3 Top-down design method

The top-down design method of programmable logic devices is the most commonly used design method in digital system design and is also the main method of chip-based system design. It first starts with system design, carries out functional division and structural design at the top level, uses hardware description language to describe the high-level system, and uses simulation methods at the system level to verify the correctness of the design, and then designs the low-level structure layer by layer. Since high-level design has nothing to do with devices and processes, and software simulation can be used to verify the feasibility of the system solution before chip design, the top-down design method is conducive to early detection of structural design errors and avoids unnecessary Repeat the design to improve the one-time success rate of the design.

4 Time division multiplexing principle

Time division multiplexing (TDM) divides the channel into several time slots, and each user occupies other channel capacity. TDM provides each user with a time slot that can be rotated among accessing users. TDM periodically scans multiple access points for input signals (input data). Bits, bytes or blocks of data are separated and interleaved into frames and transmitted over a high-speed communications line.

Using the frame format shown in Figure 1, three low-speed signals can be combined into one high-speed signal in a fixed time division multiplexing manner.

5 Introduction to Mux+plus Ⅱ

Mux+plus Ⅱ is a fully integrated, easy-to-learn and easy-to-use visual development tool software launched by Altera Corporation. It has an industry-standard EDA interface and can run on a variety of operating platforms.

The design input method of Mux+plus II is very flexible. Graphic Editor file, Symbol Editor file, Text Editor file and Waveform Editor file can be created according to the design content. ), and can realize the design function. After successful compilation and simulation, the user's own symbols can be generated and stored in the user symbol library for reference in upper-level designs.
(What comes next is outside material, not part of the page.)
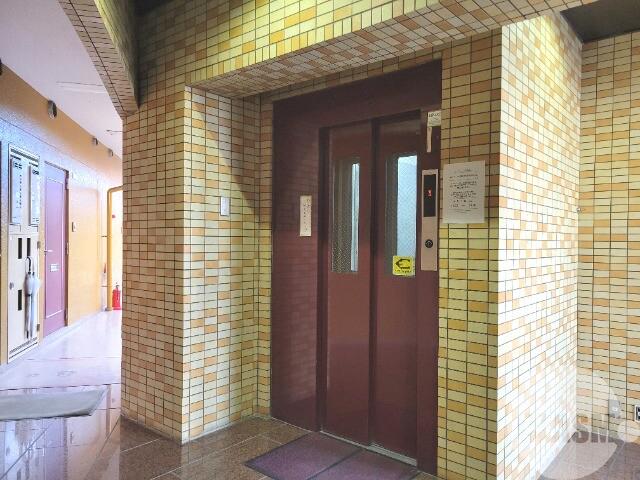 18/24 エントランス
6 Design implementation and simulation

This design is divided into three major levels. The top level is the reuse level (as shown in Figure 2). It consists of several sub-level modules. After successful simulation, an independent default symbol (as shown in Figure 3) and a design structure diagram (such as Figure 4). Each sub-layer module in the top-level module can complete a relatively independent function. For example, one of the sub-layer modules can complete synchronization flag insertion and convert the input signal into 8-bit parallel data (as shown in Figure 5). The sub-module is in After successful debugging, it can be generated as a default symbol for the upper layer module to call. The sub-module can be subdivided into several sub-modules, each sub-module can also complete relatively independent functions..., nested in this way, it can be refined to the logic gate level according to actual needs. Each layer can be simulated in time after the design is completed. Figure 6 shows the top-level design waveform simulation diagram.

Mux+plus II design software can also provide automatic selection of devices. That is, after the entire design is completed, the user only needs to provide the device series (such as FLEX 10K) to the software, and the software can automatically select the specific device suitable for this design. If there is no If the device is suitable, the software will prompt the user to reselect. This feature can provide great convenience for users' specific designs.